The only way I see true, usable-for-any-situation MT becoming a reality would be with the invention of true AI. Translating meaning necessitates understanding and understanding necessitates consciousness. Especially with context – in Japanese, whole passages can go by without the subject being explicitly stated, which works fine and dandy for Japanese but makes it impossible to accurately translate it into English on a sentence-by-sentence basis.
However, even if we ever managed to create a true, human level (or beyond) AI, would we use it just to translate some random financial documents? Assuming that a true AI can be created, I see two possibilities as to its nature: either each AI is unique and has to be ‘grown’ through experience like a living person or you can make unlimited copies of the AI and run it on any computer that has the CPU muscle to power it like any other piece of software. If it ends up being the first possibility, it will be far too precious to use for ‘mere’ translation and far too expensive to make it profitable even if you did. If it ends up being the second possibility, that AI plus some general-purpose robot bodies (like the Honda Asimo already in existence) means that virtually every person on the planet will be out of a job and we’ll either enter a sci-fi paradise where people only work for pleasure or most of the world’s population will instantly be out of a job and revert to a literal hunter-gatherer existence to survive on the outskirts of Detroit et. al. while the handful of CEOs that run the robot and AI companies live a cushy existence until their eventual overthrow by their cybernetic slaves.
Even if an AI is doing the translating, you’d need to equip it with many of the same tools a human translator needs, like internet access to research new terms and confirm terminology use (as language is constantly evolving, especially in technical fields) and even a phone line so it could confirm, for example, names of businesses that have no website, which is a big concern in Japanese and other languages that use a writing system not descended from Latin.
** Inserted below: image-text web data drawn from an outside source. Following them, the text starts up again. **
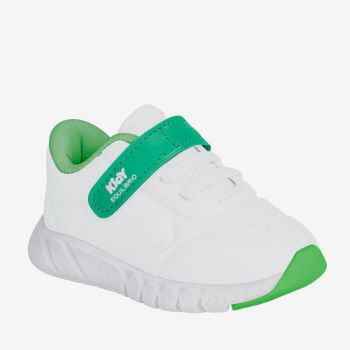 Baskets à pression pour garçon - Blanc/Vert - Kidy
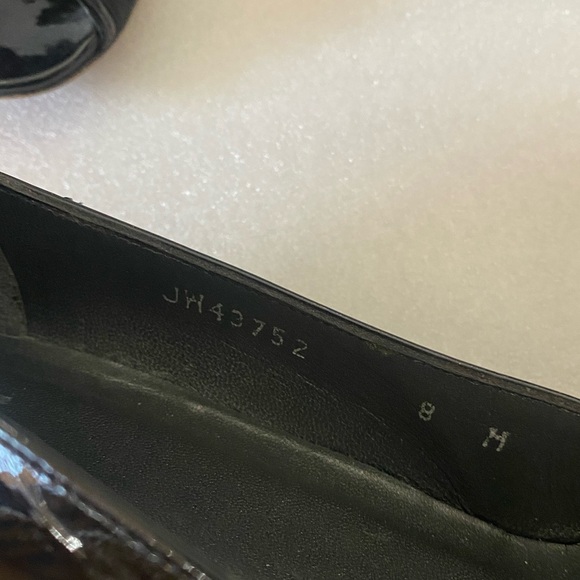 Stuart Weitzman Black Patent Leather peep toe  wedges size 8 - Picture 2 of 6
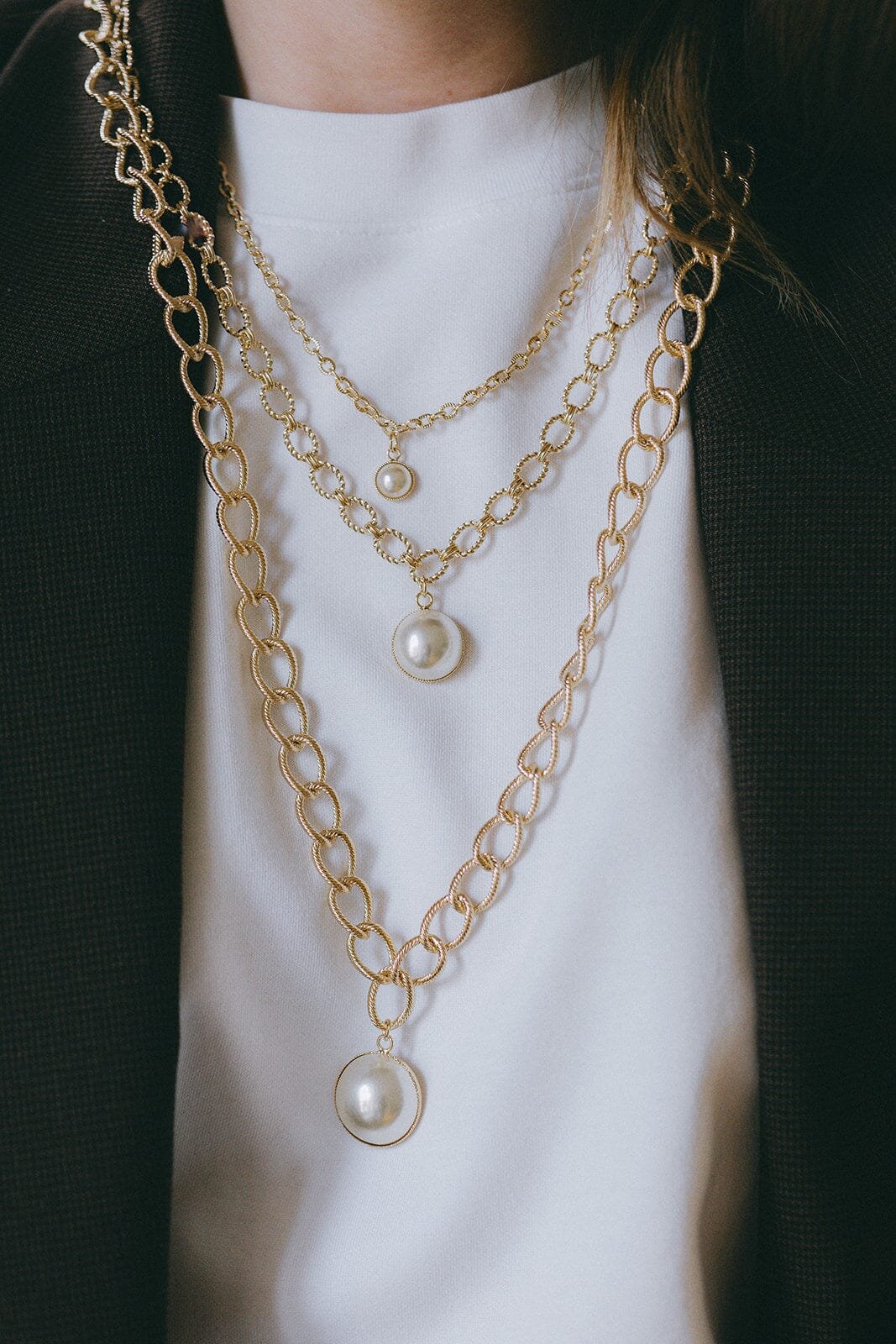 Maxi golden pearl necklace in gold-plated brass MONSIEUR SIMONE Golden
Or you could just have it email those names to you so you can confirm them. Not deal-breakers, to be sure, but that AI translator starts to have the same concerns and drawbacks that a human translator has, though presumably it would work like a slave for free once you bought or rented it.
My ultimate concern, though, would be whether you could truly trust this AI, especially with sensitive information. What if it got hacked? Your company could lose all of its trade secrets in one blow because everything was being funneled through the AI for translation and all of that data was sitting in the AIs files for future reference. Further, how can you be absolutely sure that it’s translating everything correctly? Of course, human translators make mistakes as well, but how do you check the machine’s translations? With a human translator? With another, but different AI? And then there’s the fact that it’s just not a human intelligence -it’s not using a human brain, evolved over countless generation to have specific features that operate within a fairly definite range even between different people. It would be using software and a computer, or maybe a specialized device designed to facilitate AI, to operate. Either way, that’s not a human brain and it’s not going to think exactly like a human. If you give it its freedom and allow it to build trust like any living person – by working and not screwing up and holding it accountable for its action when it does – that’s one thing. But trusting what is effectively an alien slave is probably not something a lot of companies would want to do when faced with the reality.
But I should stop now that I’m neck-deep in science fiction. I think Steve Vitek said it quite eloquently, however, on his blog when he asked “Do you think that it is possible to create software, similar to machine translation software, that would write steamy romance novels that women would actually be buying and reading?”